A decisão judicial, anunciada recentemente, destaca a rigidez da lei contra condutas que comprometem a segurança pública e a integridade das forças policiais. O caso lança luz sobre a infiltração do crime organizado e a importância da vigilância.
O desfecho do processo aponta para a condenação do réu e a perda de seu cargo público, um indicativo claro da gravidade do delito. As informações foram divulgadas pela Justiça de São Paulo, detalhando os pormenores desta complexa investigação.
A Condenação e a Perda do Cargo
O policial militar Joel Custódio dos Santos, de 48 anos, foi condenado a dez anos e seis meses de prisão. A sentença foi proferida na última quinta-feira, dia 15, pelo juiz André Forato Anhê, da 1ª Vara Criminal de Hortolândia, município no interior de São Paulo.
Além da pena de reclusão, o magistrado determinou a perda do cargo público do réu, um desfecho que ressalta a intolerância da Justiça com desvios de conduta de agentes de segurança. Joel Custódio dos Santos ainda tem o direito de recorrer da decisão em liberdade, aguardando o trânsito em julgado da causa.
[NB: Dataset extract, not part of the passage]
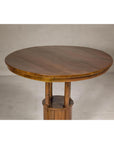 Midcentury Round Top Side Table with Column Supports and Tambour Base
O Esquema: Venda de Metralhadora ao PCC
A condenação se deu pela exposição à venda de uma metralhadora Browning calibre ponto 30, uma arma de uso restrito e de alto poder de fogo. O comprador era Adélcio Sgarbosa Bertoni, de 55 anos, conhecido no submundo do crime como “Tio Derso”.
“Tio Derso” é apontado pelas investigações como um armeiro do PCC, o que agrava consideravelmente a situação do policial. A negociação de uma arma tão potente para um indivíduo ligado diretamente à facção criminosa demonstra a seriedade das acusações e o risco iminente à sociedade.
A Investigação que Revelou a Trama
A investigação contra Joel Custódio dos Santos teve início em 16 de agosto de 2021. Naquela ocasião, colegas de farda do PM foram verificar uma denúncia anônima que indicava a existência de um suposto armeiro do PCC.
Este armeiro, identificado como “Tio Derso”, estaria guardando diversas armas na Chácara Bertoni, localizada em Hortolândia. Foi a partir dessa denúncia que a trama envolvendo a venda da metralhadora e a participação do policial militar veio à tona, culminando na recente condenação.